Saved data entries
__________________________________________________
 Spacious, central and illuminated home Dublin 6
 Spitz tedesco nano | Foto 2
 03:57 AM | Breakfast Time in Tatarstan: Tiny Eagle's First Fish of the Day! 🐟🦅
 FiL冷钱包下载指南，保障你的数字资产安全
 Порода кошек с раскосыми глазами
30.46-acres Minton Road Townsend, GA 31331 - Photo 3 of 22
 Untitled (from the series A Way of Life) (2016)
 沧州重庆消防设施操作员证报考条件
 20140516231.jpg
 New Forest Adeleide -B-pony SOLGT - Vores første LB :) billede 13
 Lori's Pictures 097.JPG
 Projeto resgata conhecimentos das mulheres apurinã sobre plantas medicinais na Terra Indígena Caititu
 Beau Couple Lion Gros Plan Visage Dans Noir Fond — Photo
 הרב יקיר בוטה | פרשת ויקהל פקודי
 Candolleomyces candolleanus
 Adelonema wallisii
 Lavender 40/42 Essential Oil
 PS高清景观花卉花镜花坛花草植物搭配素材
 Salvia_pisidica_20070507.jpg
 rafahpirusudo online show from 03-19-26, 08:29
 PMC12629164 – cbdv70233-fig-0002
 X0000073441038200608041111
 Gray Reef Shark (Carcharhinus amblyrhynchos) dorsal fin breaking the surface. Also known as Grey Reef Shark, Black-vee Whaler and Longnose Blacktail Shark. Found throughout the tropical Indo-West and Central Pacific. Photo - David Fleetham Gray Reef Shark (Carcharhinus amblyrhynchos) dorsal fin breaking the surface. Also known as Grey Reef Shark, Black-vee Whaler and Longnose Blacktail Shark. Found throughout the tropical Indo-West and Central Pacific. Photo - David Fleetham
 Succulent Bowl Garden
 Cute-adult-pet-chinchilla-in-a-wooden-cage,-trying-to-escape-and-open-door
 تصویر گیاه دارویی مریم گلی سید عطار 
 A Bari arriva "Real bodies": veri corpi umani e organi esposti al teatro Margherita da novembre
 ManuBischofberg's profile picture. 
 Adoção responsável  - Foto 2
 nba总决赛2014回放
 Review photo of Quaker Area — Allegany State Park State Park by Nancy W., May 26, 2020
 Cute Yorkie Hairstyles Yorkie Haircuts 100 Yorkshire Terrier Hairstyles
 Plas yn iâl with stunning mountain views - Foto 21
__________________________________________________
● **Work item**
From the records above, transcribe without alteration every line from the one with "Beau Couple Lion" to the one with "X0000073441038200608041111", inclusive.

● **Answer to the problem**
 Beau Couple Lion Gros Plan Visage Dans Noir Fond — Photo
 הרב יקיר בוטה | פרשת ויקהל פקודי
 Candolleomyces candolleanus
 Adelonema wallisii
 Lavender 40/42 Essential Oil
 PS高清景观花卉花镜花坛花草植物搭配素材
 Salvia_pisidica_20070507.jpg
 rafahpirusudo online show from 03-19-26, 08:29
 PMC12629164 – cbdv70233-fig-0002
 X0000073441038200608041111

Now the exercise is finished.